To fix housing collapse, Spain looks to foreigners
Houses of the Betis street in Sevilla, Spain. Faced with a real estate bust, Spain's government has a novel plan for shrinking the inventory of empty properties -- offer legal residency status to foreigners spending more than $200,000 on a home there.
With the collapse of Spain's housing bubble, there is a lot of property available -- for cheap. But Spaniards, wrapped up in their own financial crisis, aren't buying it. So the Spanish government is planning to offer a sweet deal to foreigners: if you buy a house for more than $200,000, you get Spanish residency.
Foreigners had been scouring the country for vacation homes even before the European economic crisis hit.
"And now, they have the same opportunities, the same properties, but up to 80 percent of discount," said Alfredo Milla, who works for the real estate arm of the Spanish bank Sabadell. Among the hundreds of discounted properties on his books is one place that was $230,000 and is now $71,000.
"This property is in a golf course, with all of the conditions to be a very good experience for the client," Milla said. "In addition to this, it's 15 minutes from the beach."
Spain's housing bubble popped in 2007, but prices have taken a while to fall. Banks own most of the property in Spain, and they resisted dropping prices as long as they could.
"They were trying to extend and pretend that nothing happened, while keeping those prices very high," said José García-Montalvo, an economics professor at Barcelona's Pompeu Fabra University.

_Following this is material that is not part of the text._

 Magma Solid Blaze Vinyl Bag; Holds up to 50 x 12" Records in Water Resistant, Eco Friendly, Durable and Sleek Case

That was then. Now, banks are trying to sell off their assets, and prices are falling fast. The first eight months of this year saw the biggest year-on-year drop in real estate prices in Spain's history. So, the government and the banks are eager for foreigners to buy up vacant property. A few years ago, foreigners trying to buy here faced a sea of red tape.
No more, says Carles Bode, a commercial property manager. "There's not a problem today to close a transaction in Spain with total safety and security."

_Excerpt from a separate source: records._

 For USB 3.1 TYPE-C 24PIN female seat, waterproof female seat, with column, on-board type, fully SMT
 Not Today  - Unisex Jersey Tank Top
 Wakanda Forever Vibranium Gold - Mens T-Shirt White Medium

The plan to give residency to buyers of pricey homes is attractive to visitors like Americans who, without a visa, can only normally stay here for 90 days. But foreigners from China, Russia and North Africa can't even come in without a lengthy application process. So for them, the prospect of residency and free movement within Europe seems like a great deal.
That's true for real estate companies too. They stand to make big profits in sales. But some Spaniards fear it could draw shady foreigners -- people using black market funds or money-launderers. Prof. Jose García-Montalvo has personal experience with this.

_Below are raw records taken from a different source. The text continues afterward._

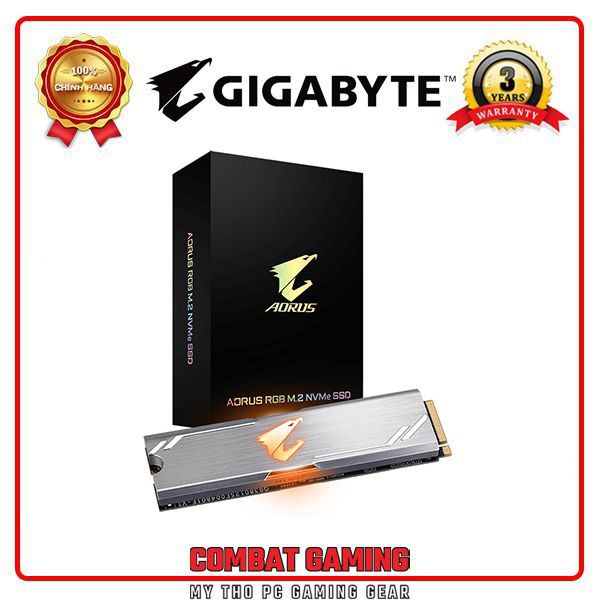 Ổ Cứng SSD GIGABYTE AORUS RGB M.2 NVMe 256GB + 512GB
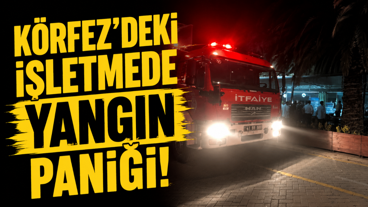 Körfez'deki işletmede yangın paniği!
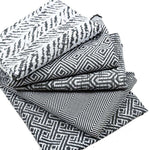 Laden Sie das Bild in den Galerie-Viewer, McAlister Textiles Monterrey Black + White Fabric Fabrics 
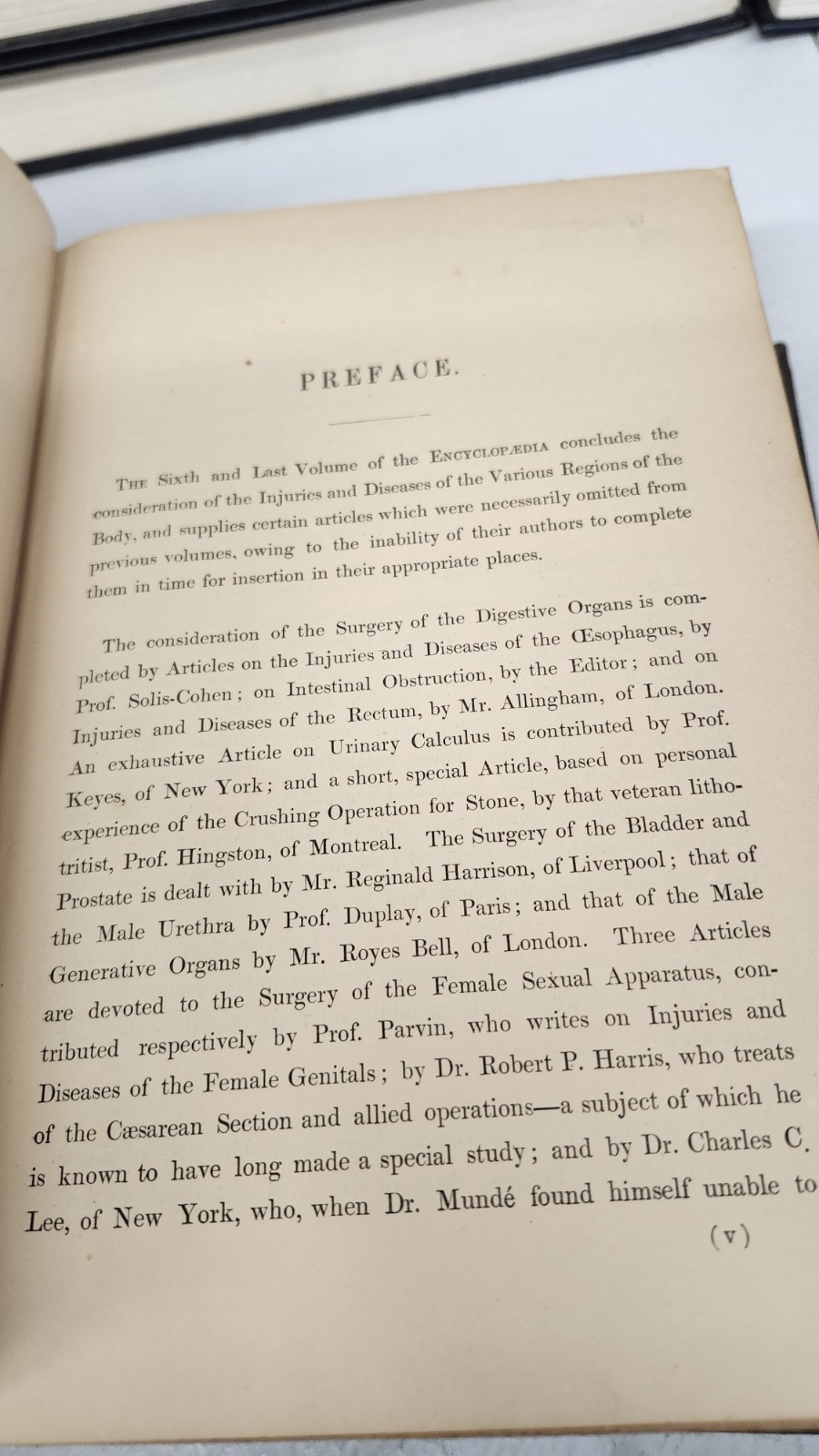 1886 International Encyclopaedia of Surgery John Ashhurst Jr Vol VI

"My uncle sold a house 10 years ago to a Russian person that came with a bag with $500,000 in the bag," he said. "That's not the kind of investment you want to promote."
It's not yet certain that lawmakers will pass the new residency law. But admirers of Spain say that even if they don't, knock-down prices and the chance to spend the winter in sunshine make the land of Cervantes a great place to call home.